LSU Board of Supervisors votes unanimously to bestow the name Lutrill and Pearl Payne upon the School of Education
December 9, 2022
Dear School of Education Community,
I am pleased to share that the LSU Board of Supervisors met today and voted unanimously to bestow the name Lutrill and Pearl Payne upon the School of Education. This honorific recognizes the impact the Payne family had on LSU and on education in Louisiana.
Mr. Payne was the first African American to matriculate at the University, though not without overcoming substantial obstacles. From 1860 to 1899, LSU was a strictly segregated educational institution intended to service white students. The Plessy v. Ferguson U.S. Supreme Court ruling in 1896 allowed for separate accommodation of races if equal provisions were provided for whites and non-whites. For African Americans choosing to pursue degrees in fields not offered by Black-serving institutions in Louisiana, the state government paid their expenses to attend programs in other states.

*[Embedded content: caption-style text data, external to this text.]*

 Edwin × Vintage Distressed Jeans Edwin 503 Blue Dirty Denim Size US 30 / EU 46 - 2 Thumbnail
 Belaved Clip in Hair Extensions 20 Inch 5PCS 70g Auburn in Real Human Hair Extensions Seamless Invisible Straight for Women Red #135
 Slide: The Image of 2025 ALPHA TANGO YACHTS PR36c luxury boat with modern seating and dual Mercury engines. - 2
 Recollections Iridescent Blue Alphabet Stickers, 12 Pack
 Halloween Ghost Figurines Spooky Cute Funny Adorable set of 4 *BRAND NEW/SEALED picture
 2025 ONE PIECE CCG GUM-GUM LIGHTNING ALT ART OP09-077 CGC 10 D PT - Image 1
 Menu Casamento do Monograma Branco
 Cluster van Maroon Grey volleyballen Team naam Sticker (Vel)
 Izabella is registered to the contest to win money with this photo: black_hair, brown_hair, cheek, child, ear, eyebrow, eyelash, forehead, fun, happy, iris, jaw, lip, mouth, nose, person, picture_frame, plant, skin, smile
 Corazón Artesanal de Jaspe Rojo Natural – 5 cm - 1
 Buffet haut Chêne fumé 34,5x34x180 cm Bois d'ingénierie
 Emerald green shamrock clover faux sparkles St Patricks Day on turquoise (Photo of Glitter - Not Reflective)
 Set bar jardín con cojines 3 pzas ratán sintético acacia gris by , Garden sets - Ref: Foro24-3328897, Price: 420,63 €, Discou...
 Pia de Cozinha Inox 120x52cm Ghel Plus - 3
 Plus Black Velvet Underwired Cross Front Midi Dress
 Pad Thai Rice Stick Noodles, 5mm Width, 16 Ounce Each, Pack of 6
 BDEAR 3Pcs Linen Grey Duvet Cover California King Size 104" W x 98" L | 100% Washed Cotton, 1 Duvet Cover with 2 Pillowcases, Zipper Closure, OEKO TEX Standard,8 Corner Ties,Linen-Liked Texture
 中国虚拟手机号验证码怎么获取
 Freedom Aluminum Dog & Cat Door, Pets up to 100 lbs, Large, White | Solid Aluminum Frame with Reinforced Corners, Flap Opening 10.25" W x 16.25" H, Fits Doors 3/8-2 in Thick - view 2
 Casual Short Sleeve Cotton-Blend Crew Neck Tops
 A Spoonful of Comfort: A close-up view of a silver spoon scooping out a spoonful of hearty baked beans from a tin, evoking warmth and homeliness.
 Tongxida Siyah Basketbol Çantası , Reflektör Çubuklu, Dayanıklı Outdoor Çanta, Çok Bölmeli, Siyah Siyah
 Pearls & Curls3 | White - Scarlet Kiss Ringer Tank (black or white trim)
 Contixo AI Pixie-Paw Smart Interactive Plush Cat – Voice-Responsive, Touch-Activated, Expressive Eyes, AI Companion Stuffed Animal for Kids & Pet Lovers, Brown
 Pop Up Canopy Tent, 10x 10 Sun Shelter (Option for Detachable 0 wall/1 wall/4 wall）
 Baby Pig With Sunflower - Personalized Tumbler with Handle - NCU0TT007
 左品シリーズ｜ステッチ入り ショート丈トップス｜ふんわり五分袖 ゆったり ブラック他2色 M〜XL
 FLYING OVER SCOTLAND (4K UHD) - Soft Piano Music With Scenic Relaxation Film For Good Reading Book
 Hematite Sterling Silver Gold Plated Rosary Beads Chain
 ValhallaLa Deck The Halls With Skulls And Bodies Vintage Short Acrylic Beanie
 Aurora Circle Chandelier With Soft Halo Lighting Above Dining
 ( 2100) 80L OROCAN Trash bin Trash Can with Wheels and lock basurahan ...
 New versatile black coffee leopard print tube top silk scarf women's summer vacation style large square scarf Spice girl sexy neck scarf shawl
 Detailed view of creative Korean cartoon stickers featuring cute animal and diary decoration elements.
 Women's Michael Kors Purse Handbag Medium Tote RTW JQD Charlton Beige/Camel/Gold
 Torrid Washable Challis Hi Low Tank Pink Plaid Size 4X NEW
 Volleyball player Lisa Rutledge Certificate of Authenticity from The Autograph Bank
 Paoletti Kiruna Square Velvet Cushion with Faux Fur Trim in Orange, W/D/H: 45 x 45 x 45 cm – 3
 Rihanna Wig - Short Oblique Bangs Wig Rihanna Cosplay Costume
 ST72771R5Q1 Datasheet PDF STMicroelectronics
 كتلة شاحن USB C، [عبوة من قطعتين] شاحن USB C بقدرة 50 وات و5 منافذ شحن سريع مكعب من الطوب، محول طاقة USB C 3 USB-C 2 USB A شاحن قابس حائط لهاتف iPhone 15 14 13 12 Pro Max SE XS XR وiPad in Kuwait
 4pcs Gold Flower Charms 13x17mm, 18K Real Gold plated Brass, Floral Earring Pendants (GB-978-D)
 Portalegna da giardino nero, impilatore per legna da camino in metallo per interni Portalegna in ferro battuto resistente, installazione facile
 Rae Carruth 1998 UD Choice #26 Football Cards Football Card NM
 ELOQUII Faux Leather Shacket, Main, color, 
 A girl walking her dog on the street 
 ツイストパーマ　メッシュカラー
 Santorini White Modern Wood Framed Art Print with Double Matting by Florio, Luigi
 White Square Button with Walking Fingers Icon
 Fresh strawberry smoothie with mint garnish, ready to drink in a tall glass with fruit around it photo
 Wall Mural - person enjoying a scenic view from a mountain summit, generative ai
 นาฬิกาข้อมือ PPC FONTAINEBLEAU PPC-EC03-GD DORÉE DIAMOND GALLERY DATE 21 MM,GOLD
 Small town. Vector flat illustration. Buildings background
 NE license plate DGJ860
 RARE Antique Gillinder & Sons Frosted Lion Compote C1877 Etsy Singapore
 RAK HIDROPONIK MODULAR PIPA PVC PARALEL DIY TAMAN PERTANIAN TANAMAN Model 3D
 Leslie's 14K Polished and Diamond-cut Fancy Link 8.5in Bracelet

In the 1930s, Mr. Payne graduated from Southern University, moved to Natchitoches, married a teacher named Pearl, and had started a family before entering military service for World War II. After returning, Mr. Payne sued for admission to LSU’s graduate program in agricultural education. A. P. Tureaud, Sr., filed suit in federal court on Mr. Payne’s behalf, and after a very short trial, Mr. Payne won the case and was admitted for the summer 1951 term. The University archives do not indicate Mr. Payne received a credential for his work though publicly available records show a ‘report card’ with passing grades.
In 1952, Mrs. Payne enrolled in the Graduate School to pursue a Master of Education degree. She commuted from Natchitoches to Baton Rouge weekly to attend classes, and in 1953, she became one of the first African American women to earn a degree at LSU. Mrs. Payne’s teaching career spanned 37 years.
The Paynes’ perseverance and their dedication to education make them a defining part of LSU’s history. Honoring Black pioneers like Lutrill and Pearl Payne and recognizing their courage, strength, and formidable spirit strengthens our community as a whole. The Board has also voted to honor several other remarkable individuals, naming the Dr. Pinkie Gordon Lane Graduate School and Julian T. White Hall. I hope you’ll take a moment to learn more about these individuals and their inspirational stories of success through incredible perseverance, and I look forward to celebrating the naming of the Lutrill & Pearl Payne School of Education with you all in-person early next year.